**Task to carry out:** Whatever pictures the entries hold, omit them, and output exactly the lines from the one containing "Other R7 Racing" through the final line.

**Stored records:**

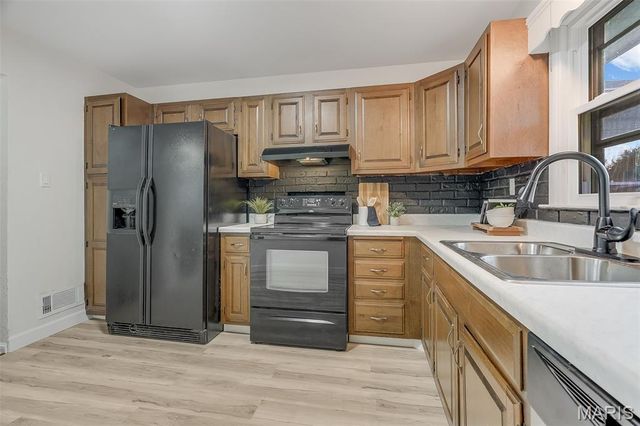 839 Amherst Drive, East Alton, IL 62024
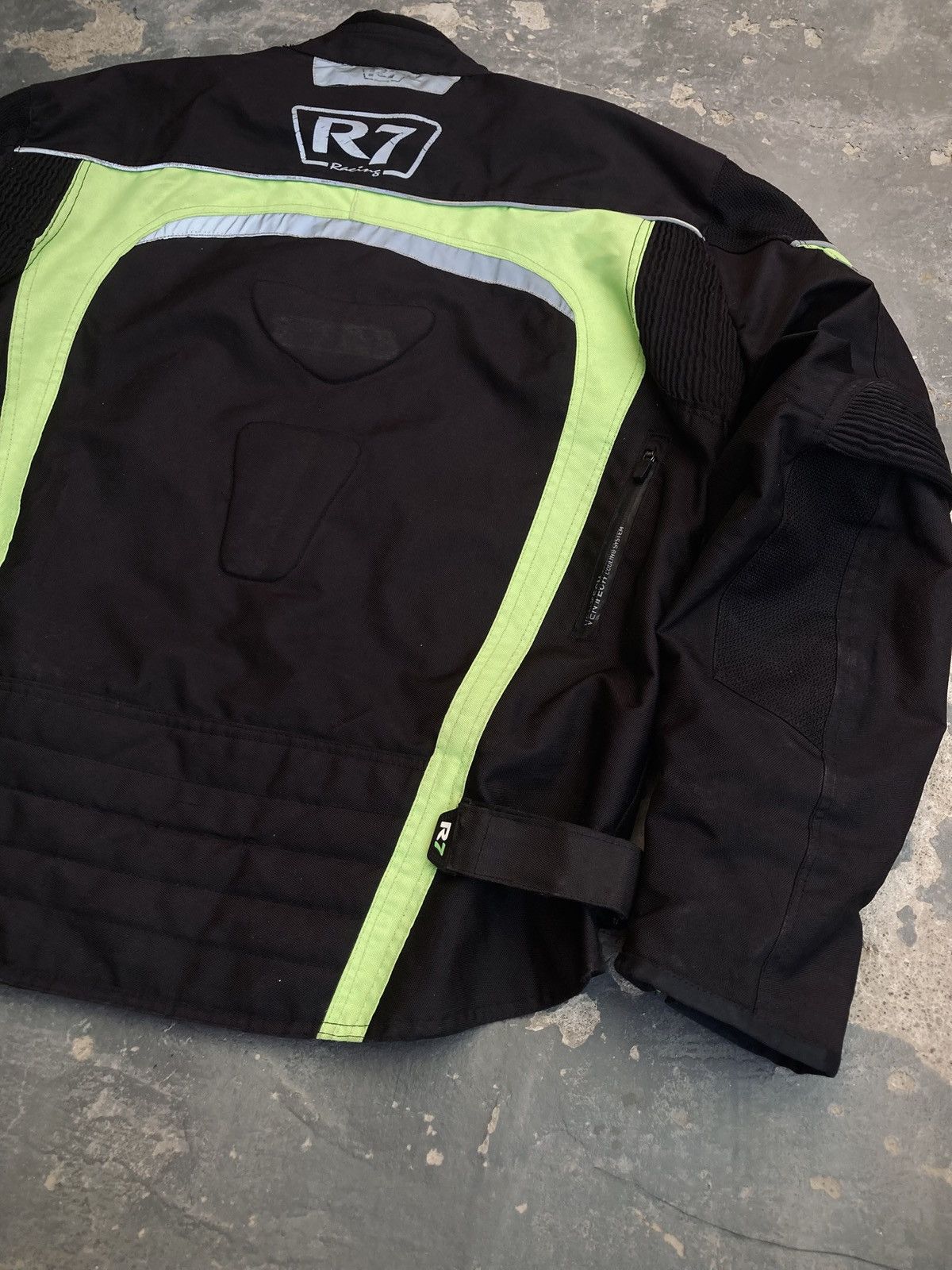 Other R7 Racing Jacket w/ Removable Safety Pads & Inner Liner Size US L / EU 52-54 / 3 - 13 Thumbnail
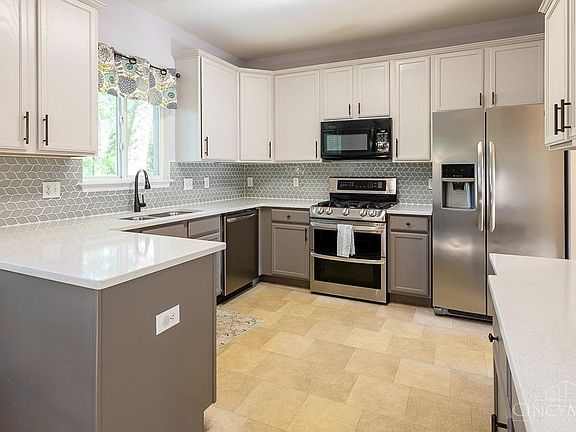 2nd image of 1367 Dyer Ave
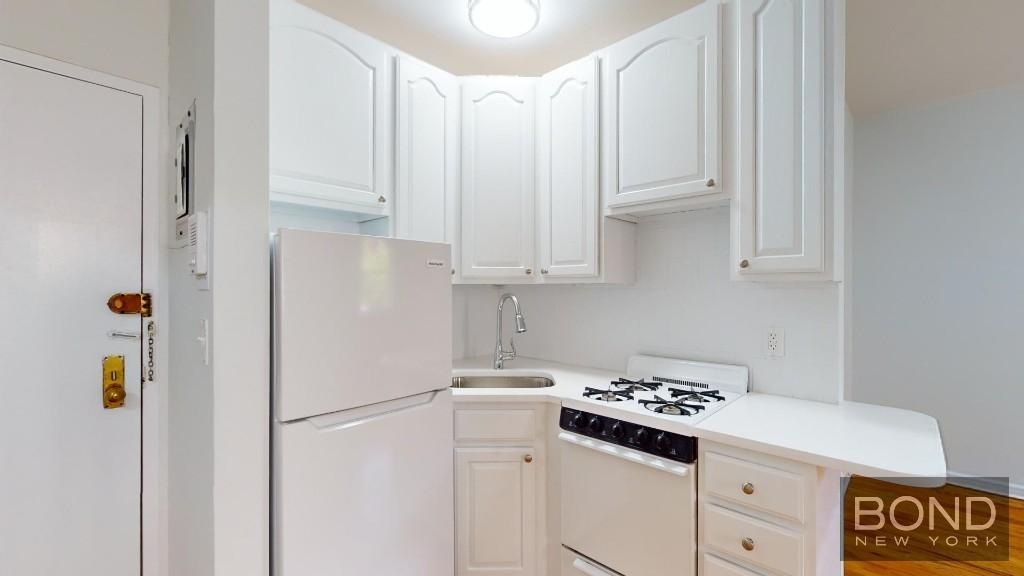 West 77th Street - Photo 1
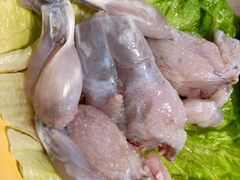 现杀牛蛙-有拈头成都市井火锅(老门东店)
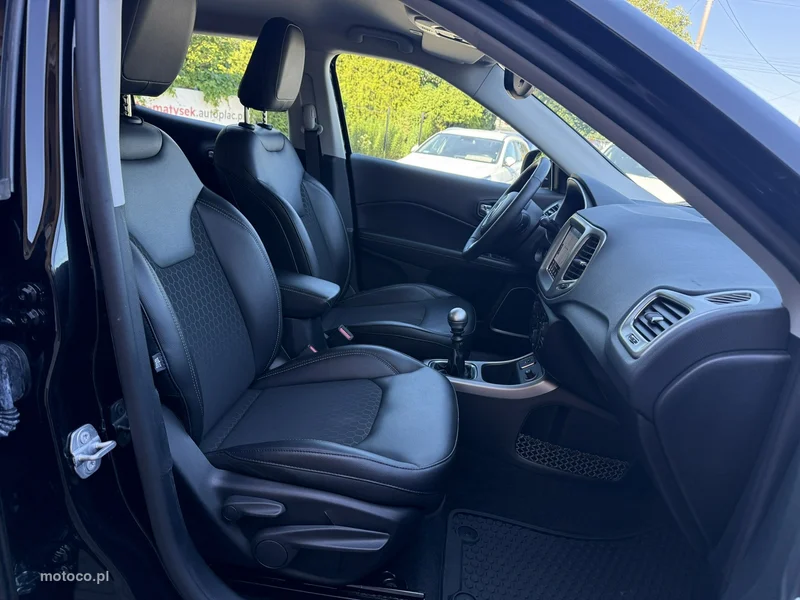 Jeep Compass 26
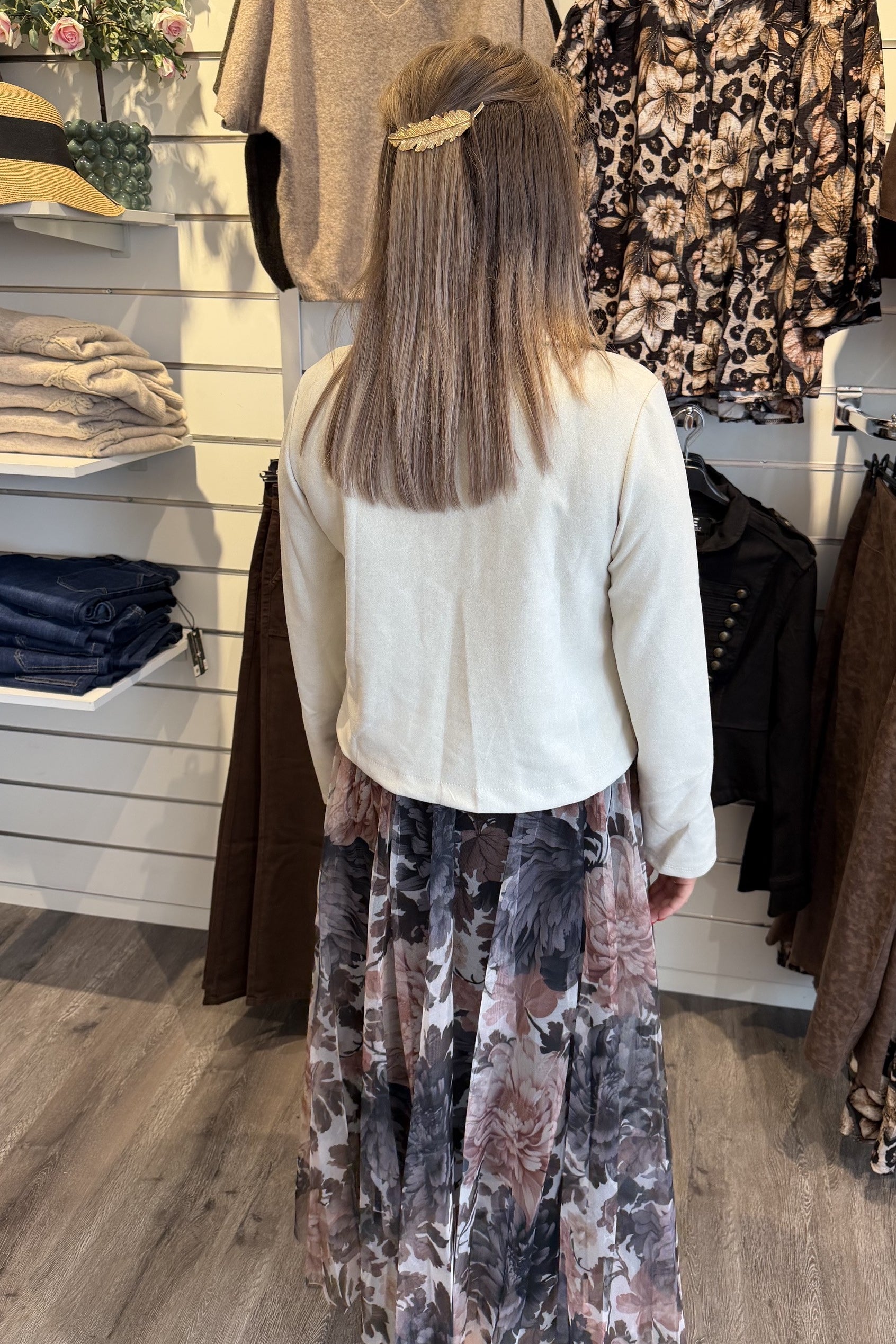 olgabeige3.jpg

**Reply:**
 Other R7 Racing Jacket w/ Removable Safety Pads & Inner Liner Size US L / EU 52-54 / 3 - 13 Thumbnail
 2nd image of 1367 Dyer Ave
 West 77th Street - Photo 1
 现杀牛蛙-有拈头成都市井火锅(老门东店)
 Jeep Compass 26
 olgabeige3.jpg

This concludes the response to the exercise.